▶ ASSIGNMENT: Wherever the string "นำเท" appears in the records, return the line that holds it.

▶ PROVIDED DATA:
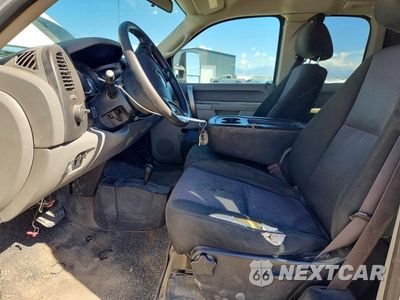Zdjęcie 7 z 12 samochodu: 2012 CHEVROLET SILVERADO K2500 HEAVY DUTY VIN:1GC2KVCG9CZ151685 - miniatura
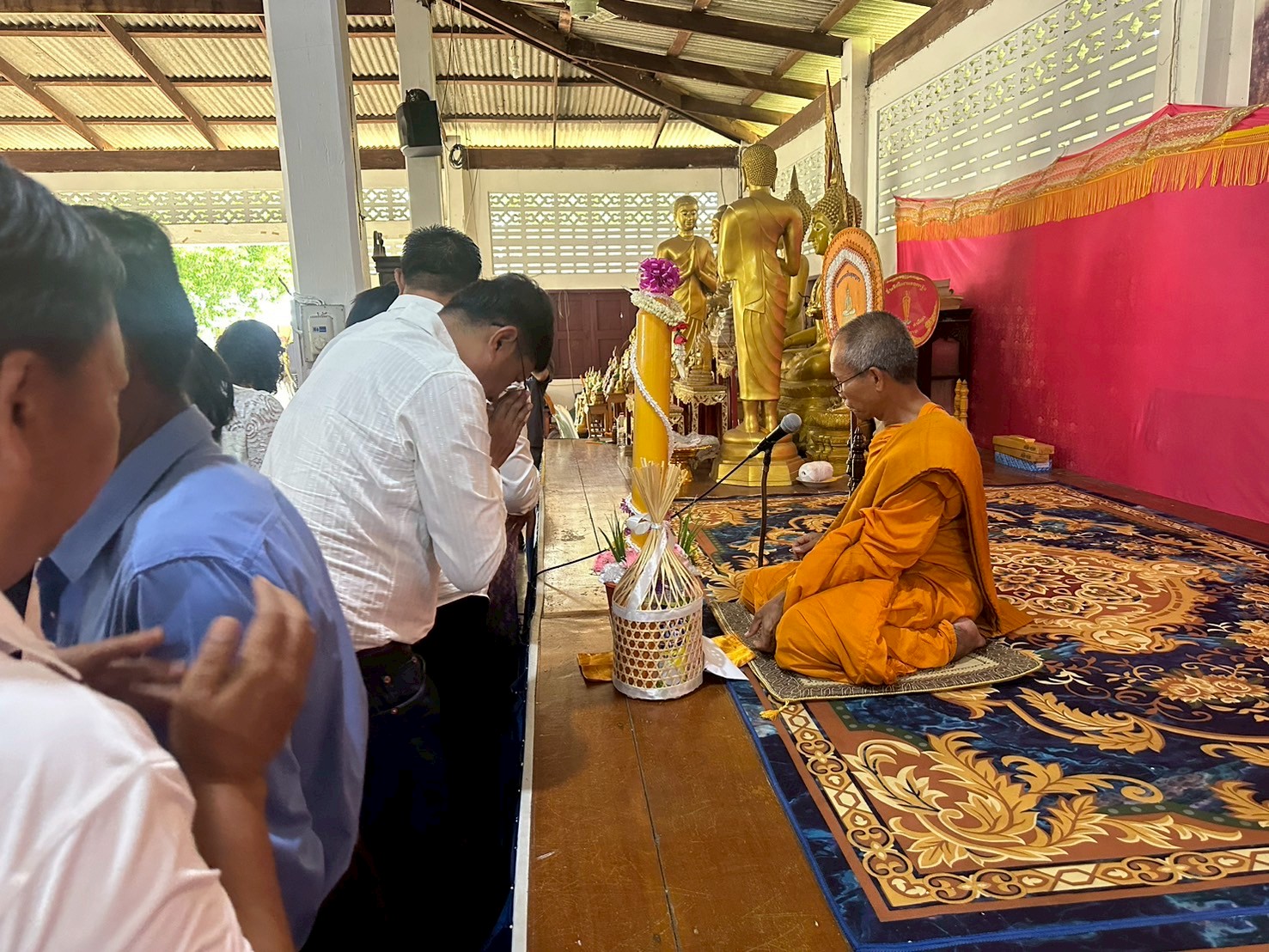 📢 องค์การบริหารส่วนตำบลกำเนิดนพคุณ
🗓  วันพุธที่ 9 กรกฎาคม 2568
🙏 โครงการประเพณีแห่เทียนพรรษา ประจำปี 2568
       วันพุธที่ 9 กรกฎาคม 2568 เวลา 08.30 น. องค์การบริหารส่วนตำบลกำเนิดนพคุณ นำโดยคณะผู้บริหารฯ สมาชิกสภา พนักงานอบต. และเด็กนักเรียนโรงเรียนบ้านห้วยทรายขาว,โรงเรียนบ้านถ้ำเขาน้อย,โรงเรียนวัดนาผักขวง นำเทียนพรรษาถวายให้แก่พระภิกษุสงฆ์ ณ วัดในพื้นที่ตำบลกำเนิดนพคุณ จำนาวน 7 วัด ได้แก่ วัดนาผักขวง, สำนักสงฆ์เขาจันทร์, วัดถ้ำเขาน้อย, วัดเขากะจิ, สำนักสงฆ์ทุ่งไทรทอง, วัดดอนสง่า, ที่พักสงฆ์ถ้ำเขาวงศ์สง่างาม
       การถวายเทียนพรรษานี้เป็นโบราณประเพณีที่ทำสืบกันมาเป็นเวลาช้านานเมื่อถึงฤดูเข้าพรรษา ภิกษุทั้งปวงต้องจำพรรษาในอาวาสของตน 3 เดือน จึงได้จัดทำให้เป็นกุศลพิธีขึ้นเมื่อได้นำเทียนไปถวายพระสงฆ์แล้ว ท่านก็จะได้จุดบูชาต่อหน้าพระประธานในพระอุโบสถ
       เพื่อทำให้เกิดปัญญา เปรียบเหมือนแสงสว่างแห่งเทียน และเป็นการส่งเสริมพระพุทธศาสนารักษาไว้ซึ่งประเพณีอันดีงามของชาวพุทธไม่ให้สูญหายไป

▶ PROBLEM SOLUTION:
       วันพุธที่ 9 กรกฎาคม 2568 เวลา 08.30 น. องค์การบริหารส่วนตำบลกำเนิดนพคุณ นำโดยคณะผู้บริหารฯ สมาชิกสภา พนักงานอบต. และเด็กนักเรียนโรงเรียนบ้านห้วยทรายขาว,โรงเรียนบ้านถ้ำเขาน้อย,โรงเรียนวัดนาผักขวง นำเทียนพรรษาถวายให้แก่พระภิกษุสงฆ์ ณ วัดในพื้นที่ตำบลกำเนิดนพคุณ จำนาวน 7 วัด ได้แก่ วัดนาผักขวง, สำนักสงฆ์เขาจันทร์, วัดถ้ำเขาน้อย, วัดเขากะจิ, สำนักสงฆ์ทุ่งไทรทอง, วัดดอนสง่า, ที่พักสงฆ์ถ้ำเขาวงศ์สง่างาม
       การถวายเทียนพรรษานี้เป็นโบราณประเพณีที่ทำสืบกันมาเป็นเวลาช้านานเมื่อถึงฤดูเข้าพรรษา ภิกษุทั้งปวงต้องจำพรรษาในอาวาสของตน 3 เดือน จึงได้จัดทำให้เป็นกุศลพิธีขึ้นเมื่อได้นำเทียนไปถวายพระสงฆ์แล้ว ท่านก็จะได้จุดบูชาต่อหน้าพระประธานในพระอุโบสถ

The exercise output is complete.